This week President Kenyatta (pictured above) signed into law the Companies Bill 2015 that does away with the Companies Act Chapter 486 of the Laws of Kenya which is an archaic piece of legislation dating back to 1948. The new Companies Act is aimed at revolutionising business in the country by removing various pre-existing legislative stumbling blocks to doing business in Kenya. From an intellectual property (IP) perspective, the new Act has several important provisions that will affect how IP assets are managed by various business entities.
With over 1,000 sections, the new Act is incredibly detailed (bulky) and comprehensive. It codifies common law principles – in particular, the indoor management rule and common law fiduciary duties of directors. Along with this, it modernises company law by recognising electronic communication and the use of websites and other electronic avenues for a company’s communications. The new Act has also increased the penalties and fines for offences relating to companies. This blogpost will highlight some of the major changes in the new Companies Act.
These highlights include:
1. A person can now form a private company as the sole member. One (1) or more persons may form a company for any lawful purpose. Previously, at least two persons were required to form a company.
2. A private company will not require a Company Secretary; unless its paid up capital is/exceeds KES 5,000,000.
3. The restricted objects approach vis-a-vis a company’s objects has been scrapped therefore a company will have the capacity to undertake all legal transactions, subject only to its own limitations.
4. A company may make its public announcements and send notices to shareholders through its website.
5. Fiduciary duties of directors, previously derived from common law, are now provided in the Act eg. duty not to accept benefits from third parties; duty to act within powers; duty to exercise independent judgment; duty to exercise reasonable care, skill and diligence and the duty to avoid conflicts of interest.
6. Model articles of association will be prescribed for companies in various sectors.
7. Private company members may pass resolutions either at meetings OR as written resolutions to be sent in hard copy or electronic form.

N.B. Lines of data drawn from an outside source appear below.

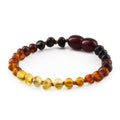 Rainbow Baltic amber baroque baby bracelet, 14cm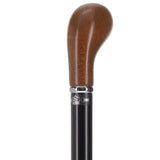 Timeless Espresso Knob Stick, Black Beechwood & Silver Knobbed Handle Walking Sticks - Tophatter Daily Deals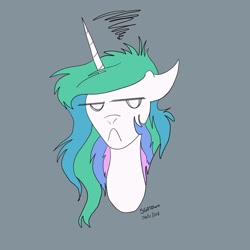 Size: 1080x1080 | Tagged: safe, artist:stargazerseven, princess celestia, alicorn, pony, g4, bust, celestia is not amused, female, frown, gray background, grumpy, mare, messy mane, missing accessory, signature, simple background, solo, unamused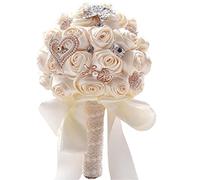 Fouriding Mariage Diamond Pearl Roses en Satin Demoiselle d'honneur de Mariage artificielles Bouquets customisation mariée Tenant Bouquet pour Photo Prise de Vue, Jour de Saint Valentin, Anniversaire
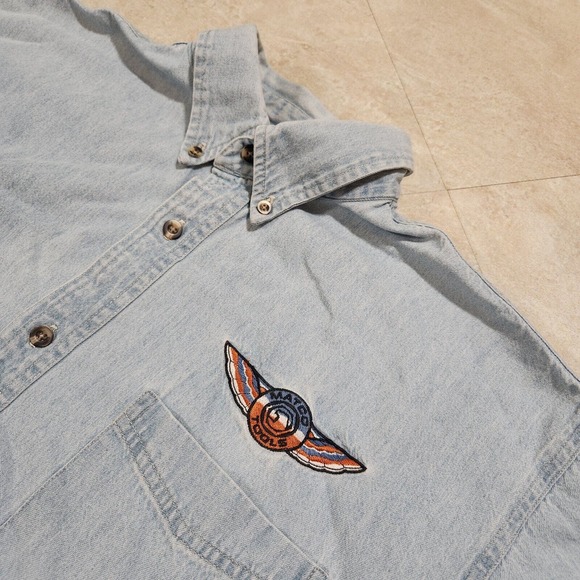 Matco Tools Other - VTG Matco Tools Mens L Large Embroidered Blue Denim Button Up Down Work T Shirt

8. Shareholders’ approval will be required for directors’ fixed term service contracts in excess of two (2) years.
9. Private companies are now required to file financial statements with the Registrar of Companies within 9 months of the accounting period.
10. The minimum age of a director is reduced from 21 years to 18 years.

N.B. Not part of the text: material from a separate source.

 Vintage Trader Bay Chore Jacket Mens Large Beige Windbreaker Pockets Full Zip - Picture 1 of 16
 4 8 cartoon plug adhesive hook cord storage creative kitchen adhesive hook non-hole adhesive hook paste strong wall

11. The maximum age of a director, previously set at 70 years, is not prescribed.
12. A document is validly executed if signed on behalf of the company by 1 director in the presence of a witness who attests the signature.
13. A private company and a public company must have at least 1 and 2 directors, respectively. At least 1 director must be a natural person. A sole member company qualifies as a natural person for purposes of directorship.
14. The Company has a duty to notify the Registrar of changes in directorship or directors’ addresses within 14 days after the change.
15. A resolution is required where the company intends to acquire from or transfer to a director a substantial non-cash asset.
16. A substantial non-cash asset in one whose value exceeds 10% of the company’s assets and is more that KES 5M or one that exceeds KES 10M.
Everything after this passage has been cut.